Ultimately, safeguarding the IMMEX program and ensuring its continuity relies on maintaining strong U.S. – Mexico trade relations and for the Mexico government to promote, facilitate, strengthen, attract, etc. foreign investment through IMMEX.
The U.S. – Mexico partnership benefits both nations by fostering regional competitiveness on a global scale. However, this cooperation hinges on whether the U.S., Mexico, and Canada agree to extend the United States-Mexico-Canada Agreement (USMCA) beyond 2026. The USMCA review/renegotiation has already begun, primarily through Trump’s threats to impose import duties against goods from Mexico. Without a doubt, threats will continue and the coming months will reveal how all parties navigate these evolving trade dynamics, and how the IMMEX future will be defined.
Disclaimer: This article is not intended to provide any legal advice because this is for informational purposes only. You should not rely on this to make a business decision.

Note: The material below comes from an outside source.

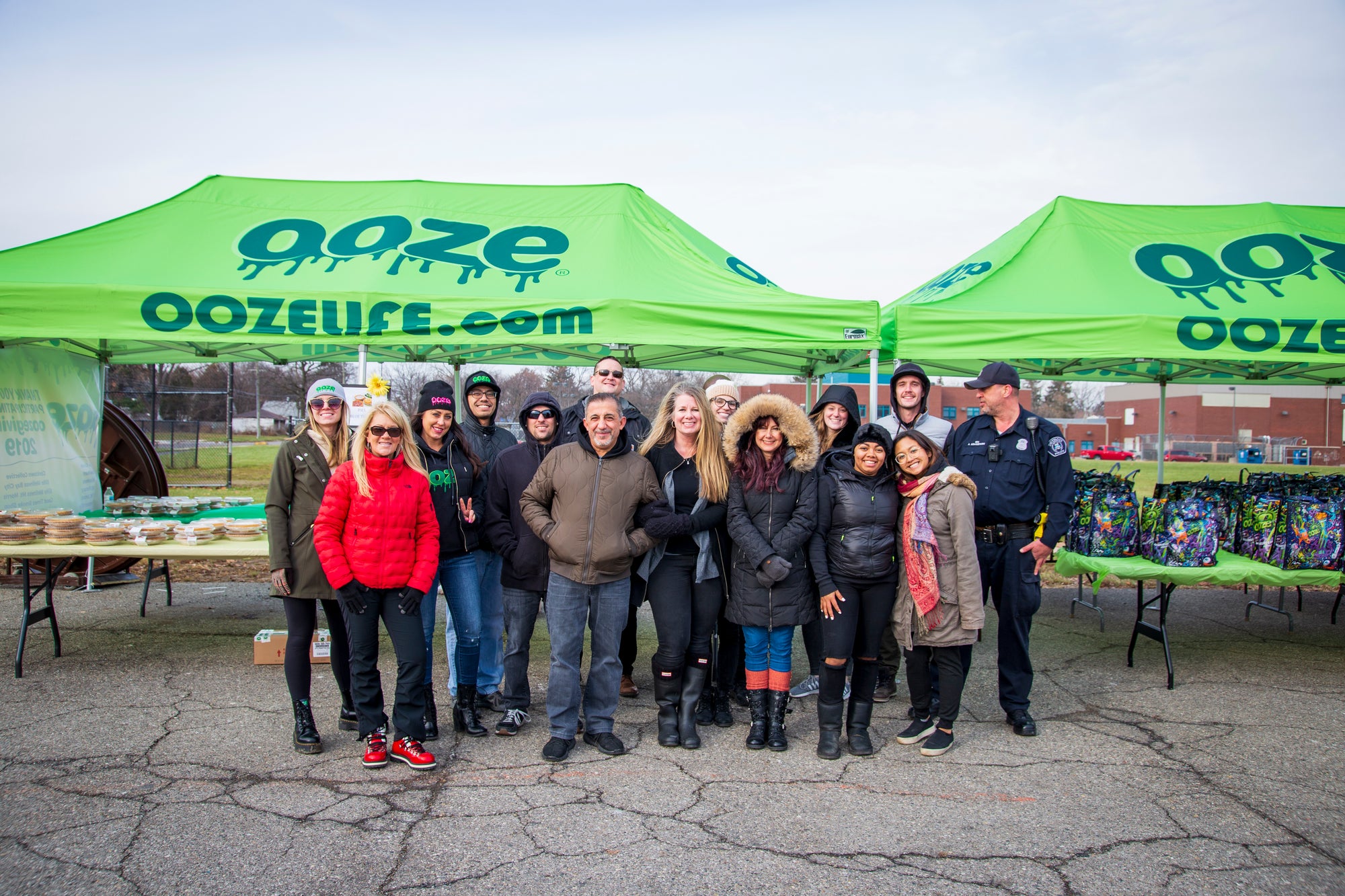 The Ooze Foundation team is posed for a group photo in front of the Ooze tents and tables full of food at the Oozegiving food drive event in Detroit.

[1] As we have discussed in other articles, IMMEX (“Industria Manufacturera, Maquiladora y de Servicios de Exportación”) is a Mexican government program that facilitates the importation of materials into Mexico for the production of goods that are subsequently exported. Companies complying with the program’s legal requirements, statutory time limits, and certification processes benefit from reduced import duties (IGI), exemption from value-added tax (VAT), and lower Merchandise Processing Fees (DTA) in Mexico.